- Since YouTuber Ethan Dolan (of the Dolan Twins) announced he was dating Kristina Alice, the Australian influencer’s Instagram following has skyrocketed.
- Online creators use relationships to reach new audiences, create new and different content, and even to provide professional assistance with their work.
- But not every creator can or will use their relationship as part of their work, as concerns about privacy or how perception of their relationship will affect their work.
- Visit Business Insider Australia’s homepage for more stories.
Kristina Alice was a little known Australian influencer — until one of the world’s biggest YouTubers announced that they were dating.
The Dolan Twins are a pair of U.S.-based comedy creators who have nearly 11 million subscribers on YouTube.
In a video ‘Addressing assumptions about us‘, one of the twins, Ethan, confirmed fans’ suspicions that he has a girlfriend.
And that answer was enough to jumpstart Alice’s online following.

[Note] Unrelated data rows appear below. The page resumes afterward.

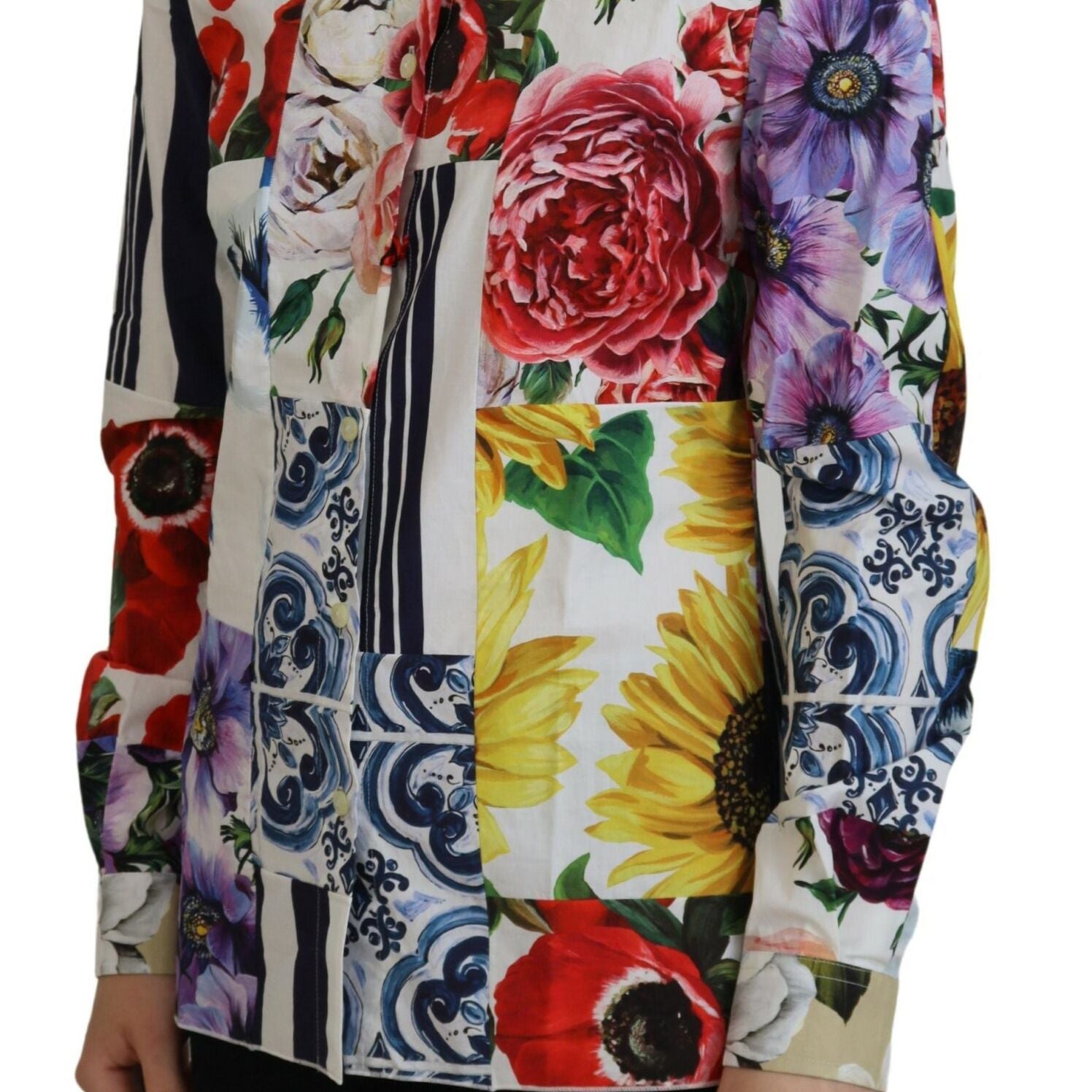 Dolce & Gabbana Multicolor Floral Cotton Collared Blouse Top
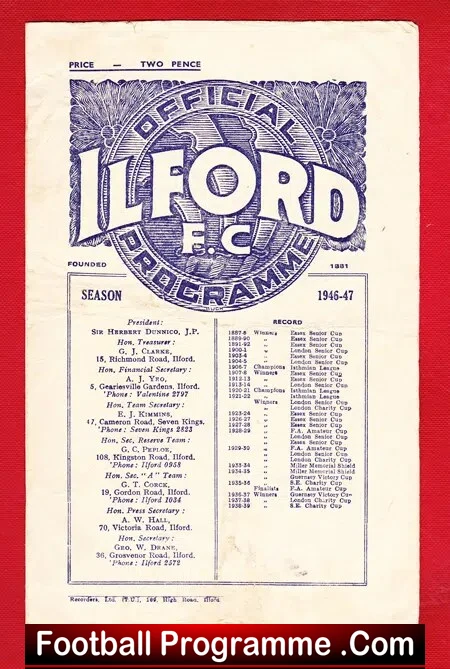 Ilford v Dulwich Hamlet 1947 – Isthmian League
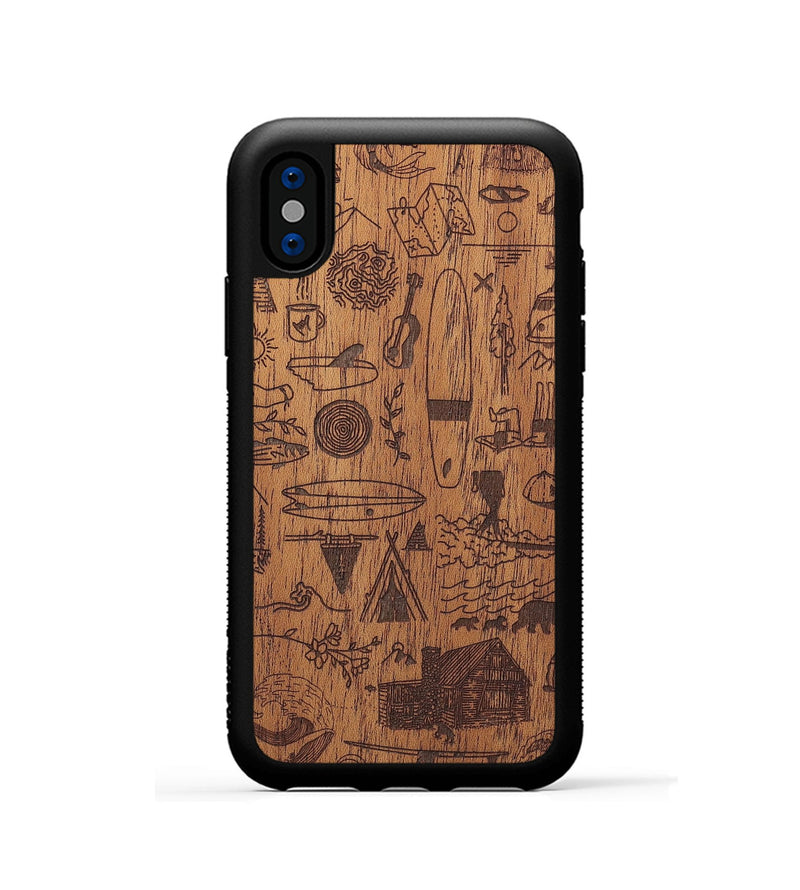 iPhone Xs Wood+Resin Phone Case - Collage - Mahogany (Curated)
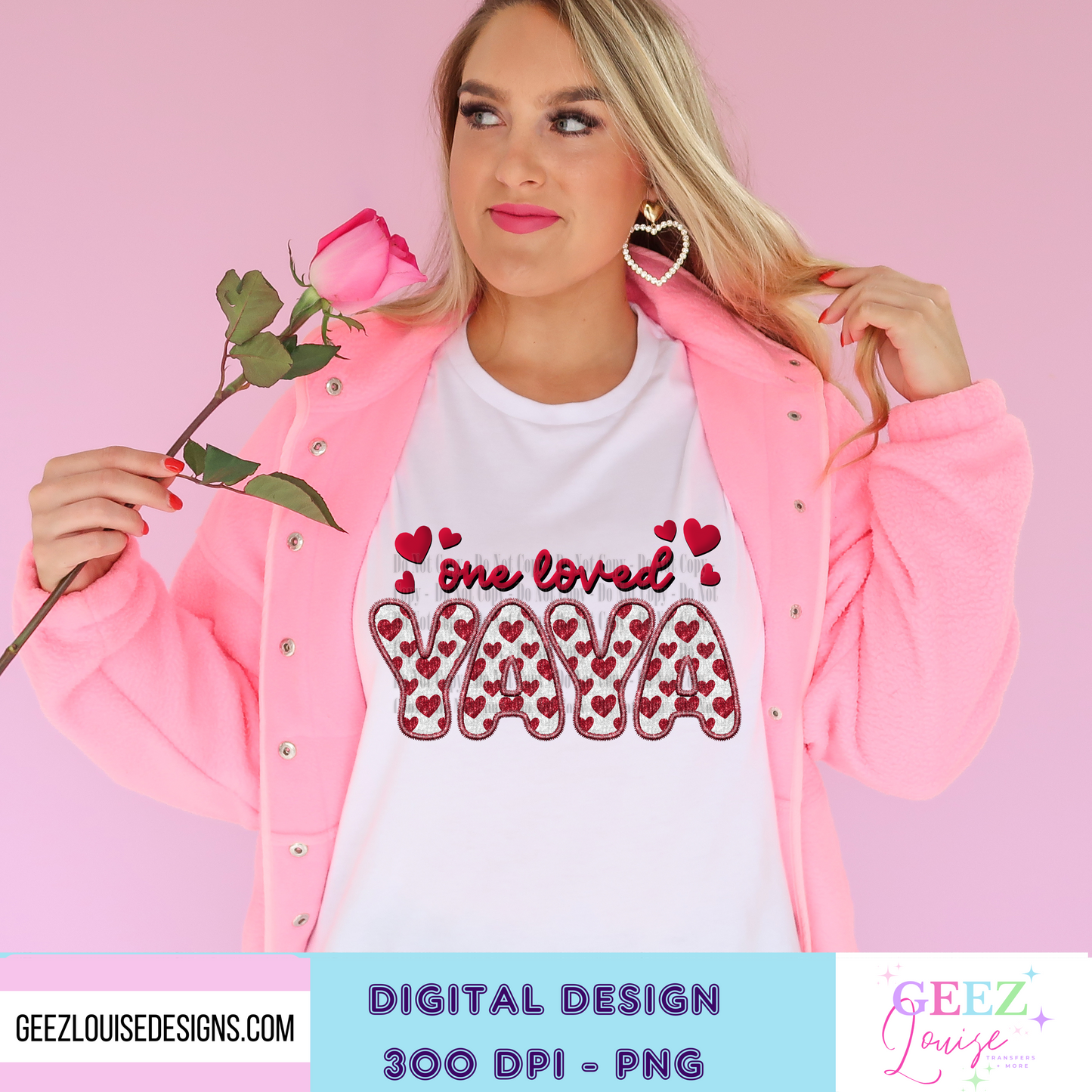 One loved Yaya - faux sequin faux embroidery Valentines - Digital Download- PNG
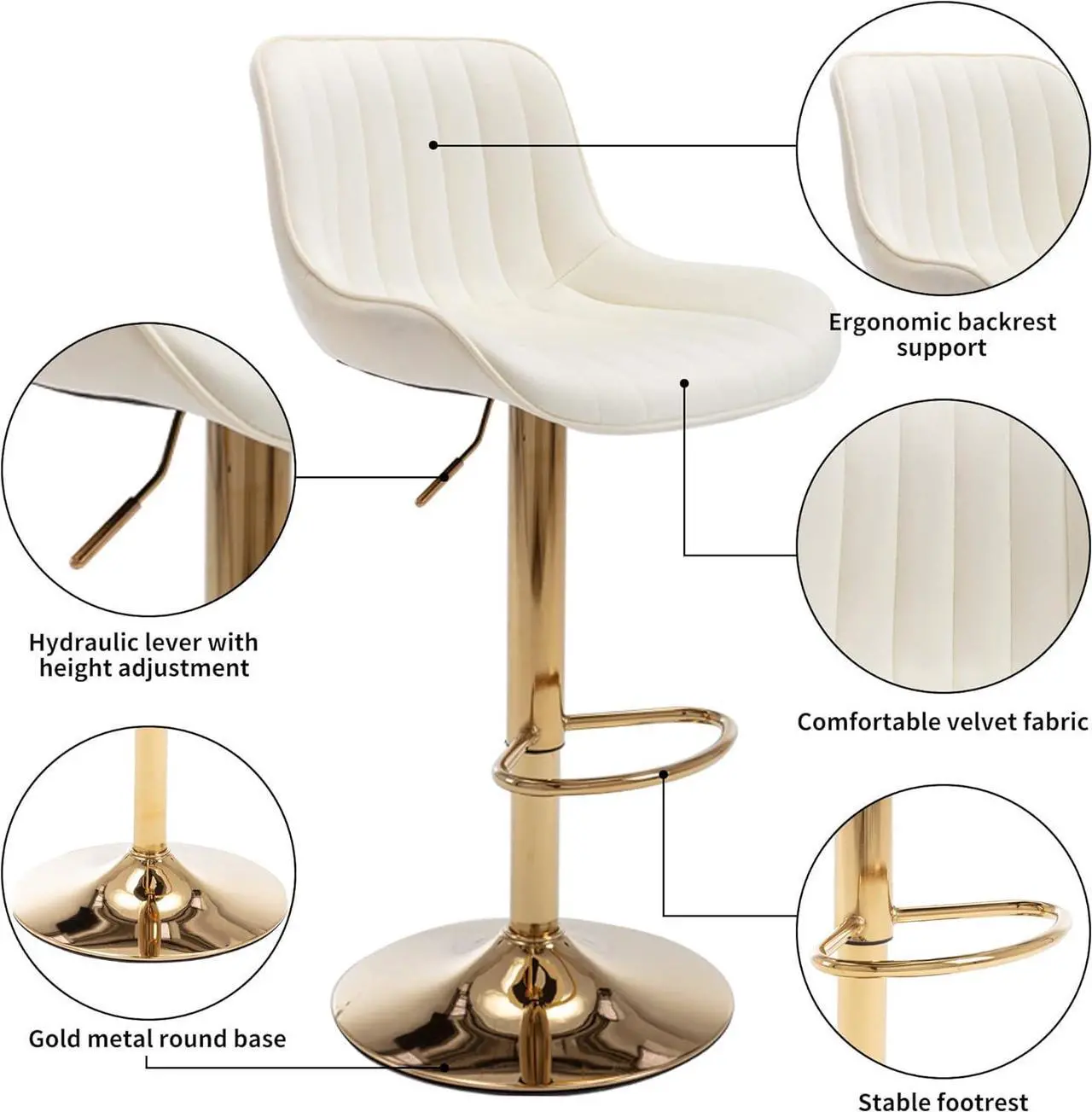 Alt view image 4 of 7 - Homtique Gold Bar Stools Set of 2 Swivel Adjustable Counter Height Barstools Modern Velvet Bar Stool with Low-Back and Footrest for Kitchen Island Pub Dining Room (Beige)
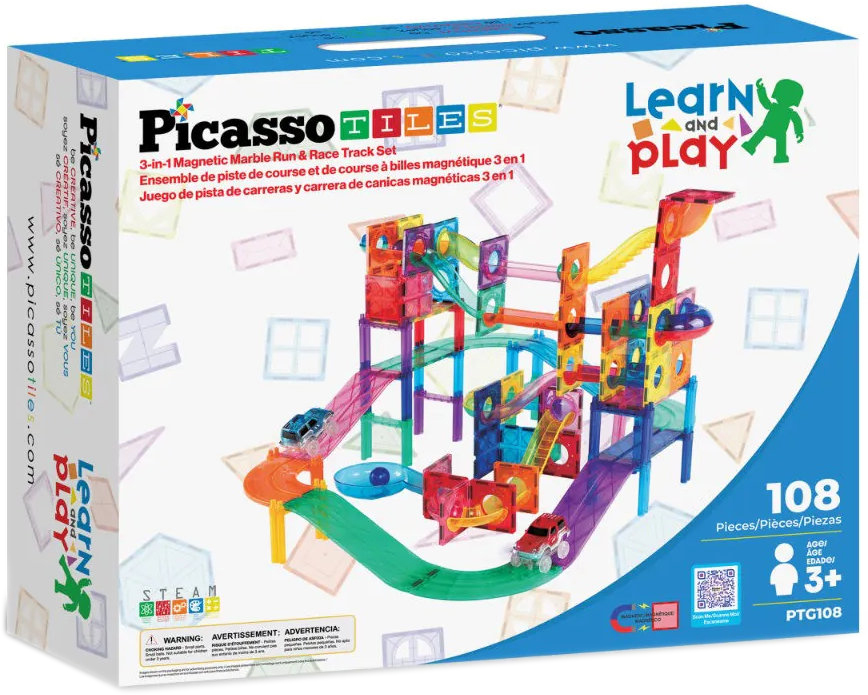 Constructor magnetic 3 în 1 Picasso Tiles STEM - 108 piese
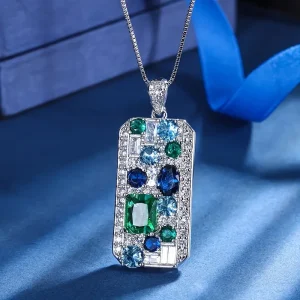 Collier Brillant Bleu & Vert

According to data from social media analysis tool CrowdTangle, Alice’s Instagram following count jumped to more 120,000 followers from such a small amount that the tool hadn’t even measured it.
For online creators, relationships can be both personal and business. Influencers, YouTubers, streamers and other kinds of creators use their real lives as a source for content, and their friends, families and partners are often a major part of their stories.
A creator’s decision to ‘publicly couple’ — meaning to make their relationship a publicised part of their online persona — can have many of professional benefits, according Curtin University’s senior research fellow Dr Crystal Abidin.
“Public coupling allows influencers to expand their digital estates,” she said. “Apart from being able to advertise the relationship on their own social media, the couple has another account that can sometimes offer a different kind of content.”
Sometimes, an influencer’s partner’s content might provide behind-the-scenes for a traditionally ‘professional’ looking creator which can bring in a new audience or deepen an existing audience’s attachment to a creator.
In the case of Dolan and Alice, the Australian influencer’s account provides a different perspective on the mega-famous YouTuber.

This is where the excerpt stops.